The African Queen is a good movie. That’s it. It’s far more historically significant than it is “great”. That’s for a couple of reasons. Back to the AFI for a moment, in their “100 greatest stars” list, they ranked Humphrey Bogart the #1 actor of all time, and Katherine Hepburn the #1 actress of all time. The African Queen was the first, and only, screen pairing of the two, coming fairly late in both their careers.
The African Queen, with surprising box office success, marked the resurrection of Hepburn’s career (she had recently been deemed “box office poison”) and began her extremely successful run of films late in her life.

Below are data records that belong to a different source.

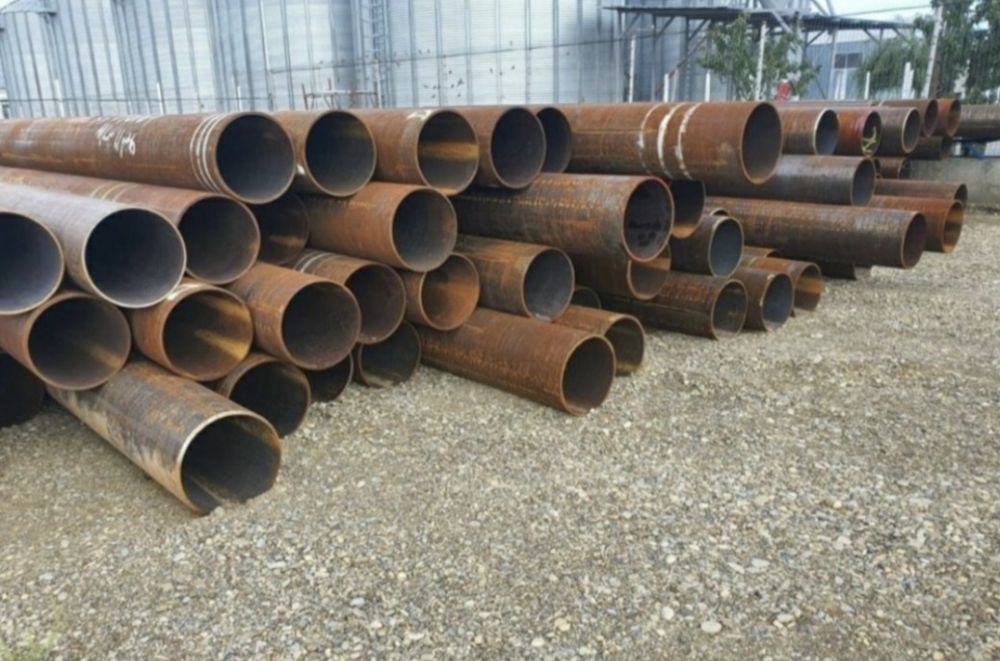 Teava de vânzare Tevi laminate tevi sudate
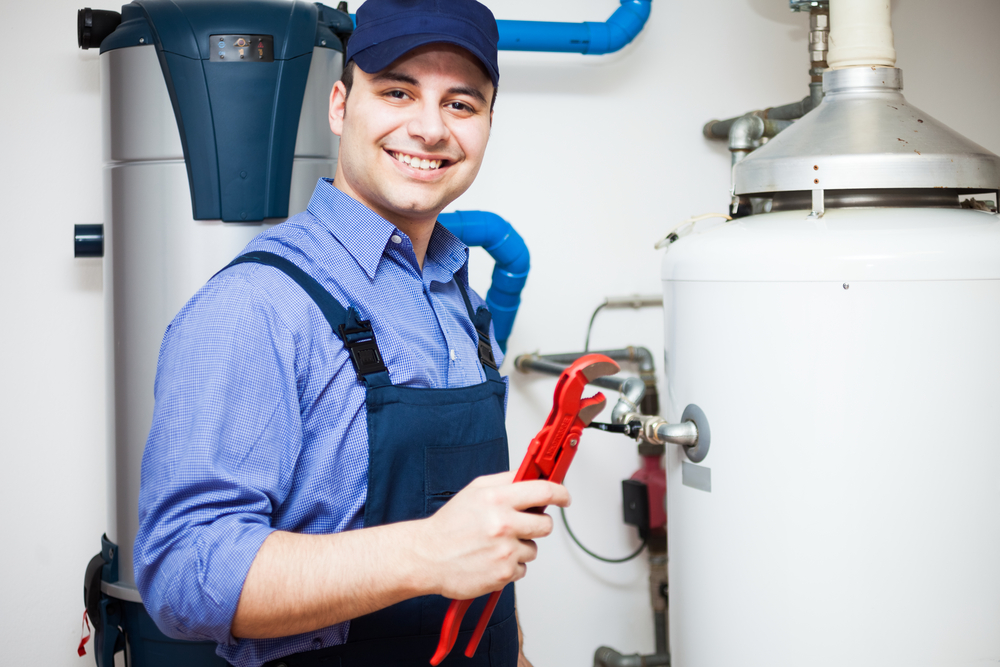 Water Heater Repair in Lancing, TN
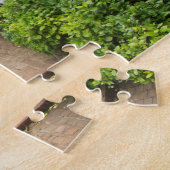 Puzzle Château de Windsor, Londres, Angleterre (Côté)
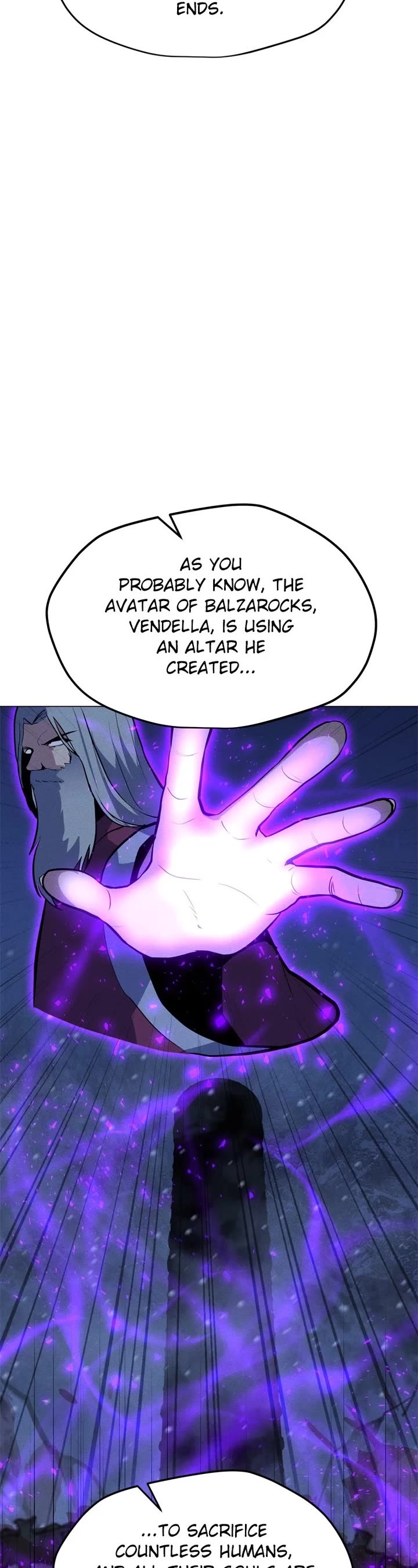 Solo Spell Caster Chapter 170 page 14 - Chapter 170: Episode 170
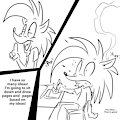 Al Draws Things but Can't Draw Things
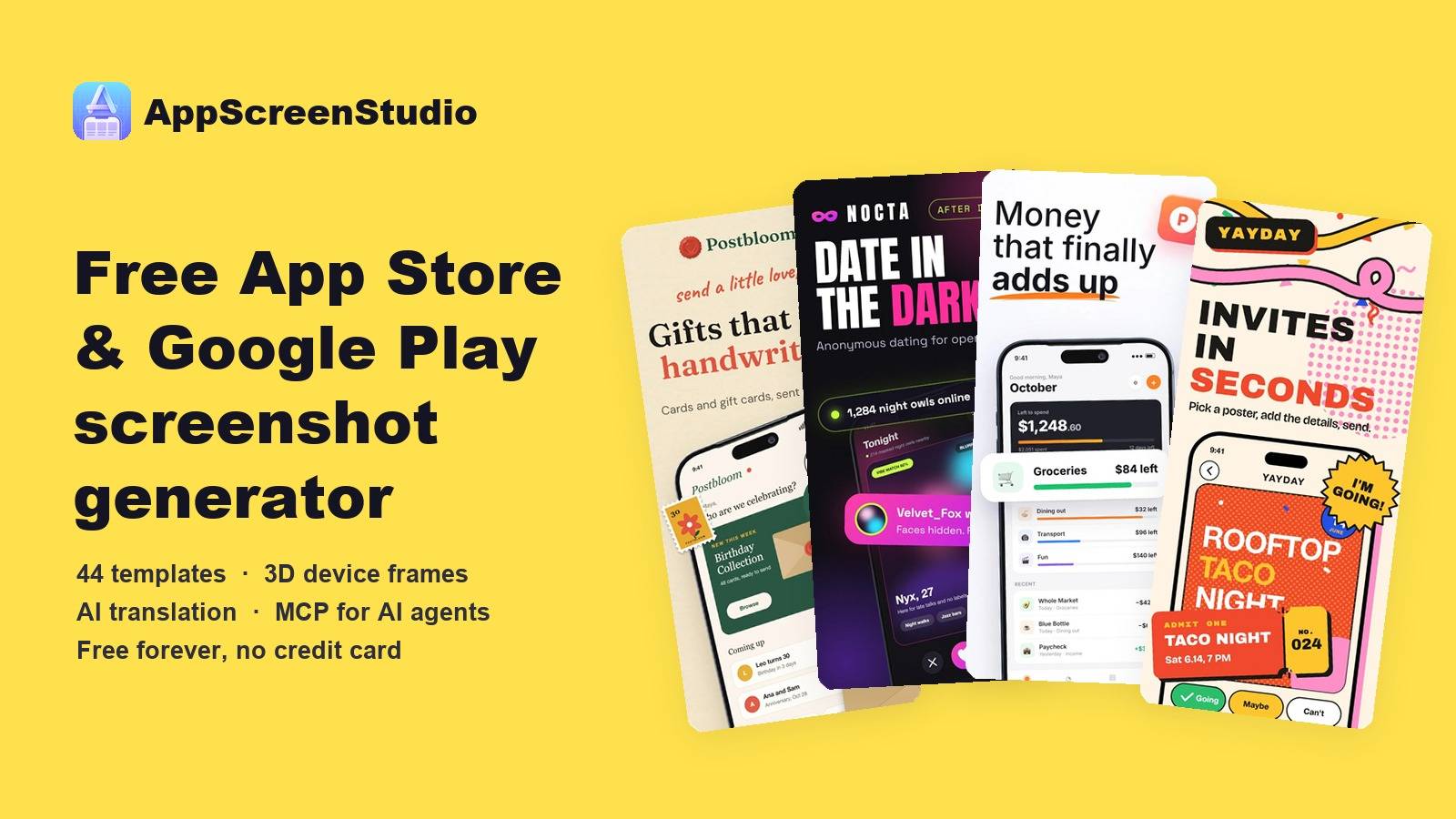 AppScreenStudio image 1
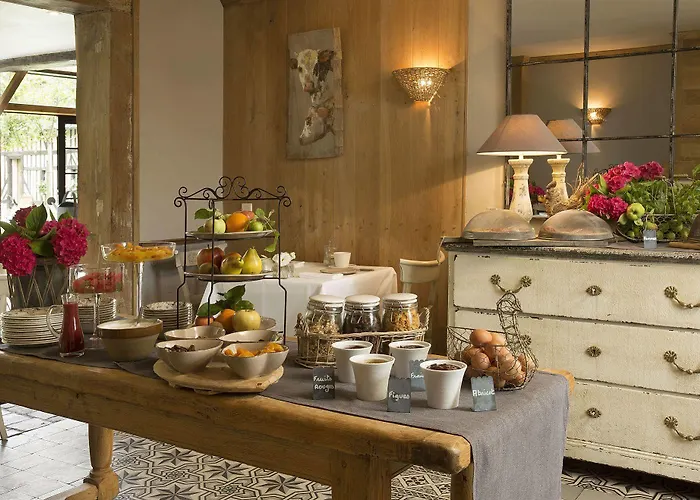 Auberge De La Source - Hotel & Spa Barneville-la-Bertrand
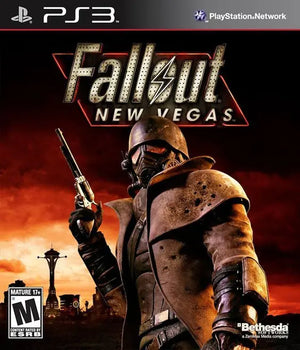 Fallout: New Vegas Pt-Br Ps3 Mídia Digital Wiser Games
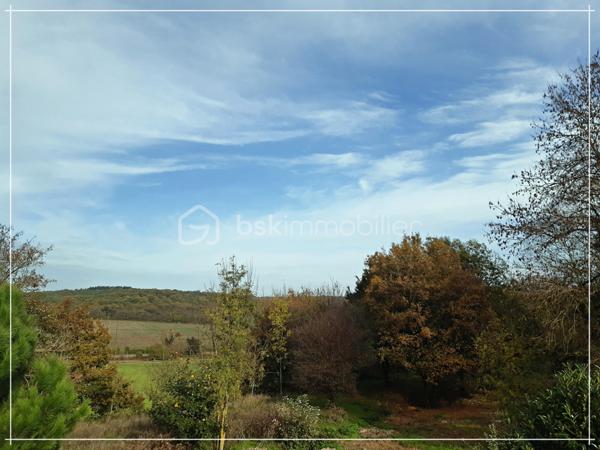 Maison de 400 m²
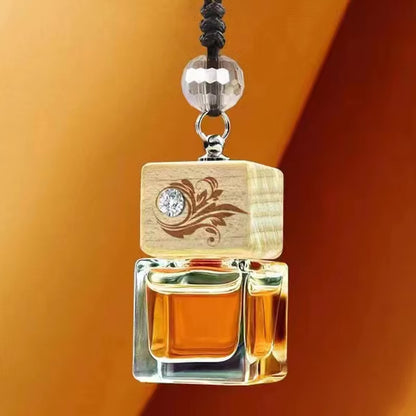 Car Air Freshener Car Perfume Flavoring Aromatherapy Essenti Oil Auto Accessories Interior Women Perfume Fragrance Diffuse Smell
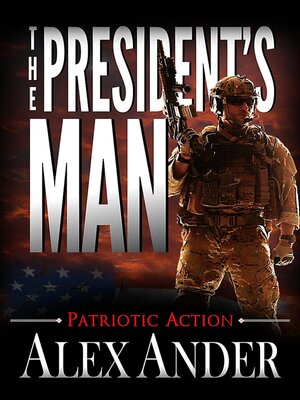 cover image of The President's Man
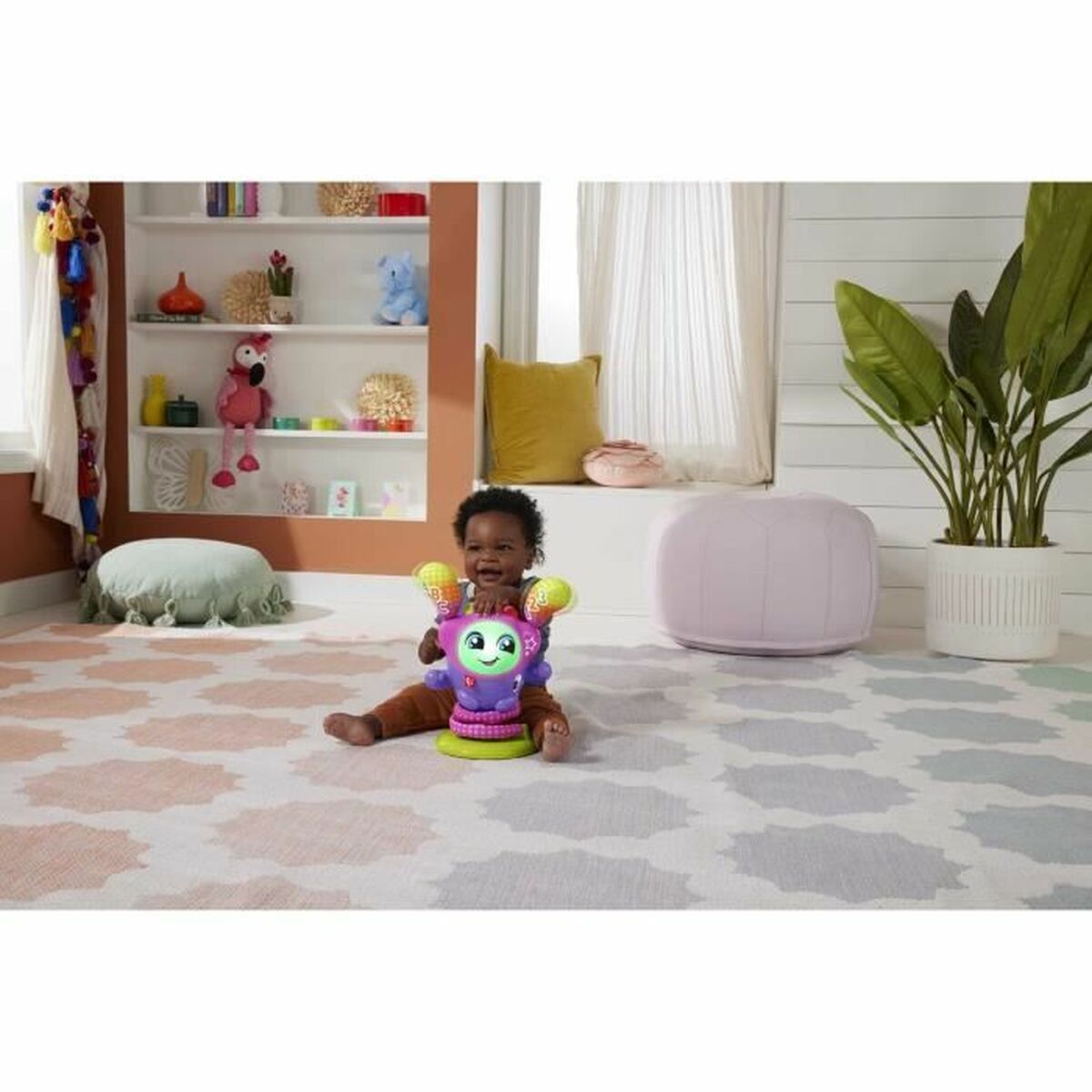 Интерактивная игрушка Fisher Price DJ DANCER (FR)-4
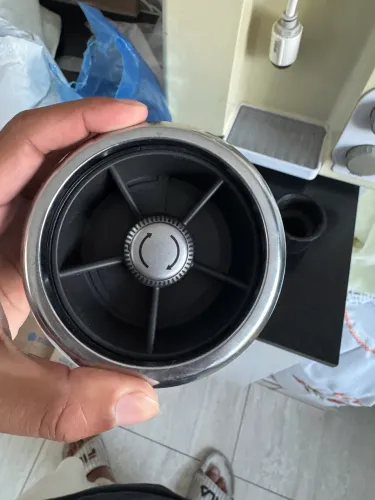 Par de Difusor Audi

Without this film, and those that followed (through On Golden Pond many many years later) she would not be the icon she is today.
Another historically significant aspect of The African Queen is that it was Bogart’s only Best Actor Oscar win. That being said, he deserved one long before this, for Casablanca and The Maltese Falcon and countless other movies. This was more of a “lifetime achievement” Oscar, the way Paul Newman got his for The Color of Money and Sandra Bullock got hers for The Blind Side. Frankly, there were three other Oscar nominees (Montgomery Clift in A Place In The Sun, Marlon Brando in A Streetcar Named Desire and Fredrich March in Death Of A Salesman) who were better in 1951.
Also, the fact that the movie was shot by John Huston in Africa, which was almost unheard of at the time, and some intrigue involving the Hollywood blacklist and some other factors made the making of The African Queen almost as interesting as the movie itself. The story of that journey is told in the one-hour documentary Embracing Chaos, which is featured on the new DVD as well.
The fact that The African Queen is just now coming to DVD is a story in itself. This is the last movie on the AFI’s top 100 list to make it to DVD, and it has been a long wait. I was hoping for a little more bonus material. Embracing Chaos is fascinating, and it adds an awful lot to this DVD edition, but I was hoping for something along the lines of the Centennial Collection, where Paramount has been re-releasing classic films with a ton of special features. The African Queen deserves more special features.
This movie holds up well. It’s just two people on a boat for the bulk of the picture, but the fact that it’s Bogey and Hepburn is terrific. The fact that they’re both middle-aged and don’t exactly still have matinee idol looks is not just interesting, but refreshing. And the sense of adventure is still palpable. I maintain that this is not one of the 100 greatest American movies ever made. But The African Queen is still very good. And the release of this film on DVD, March 23rd from Alliance Films, is still a very big deal.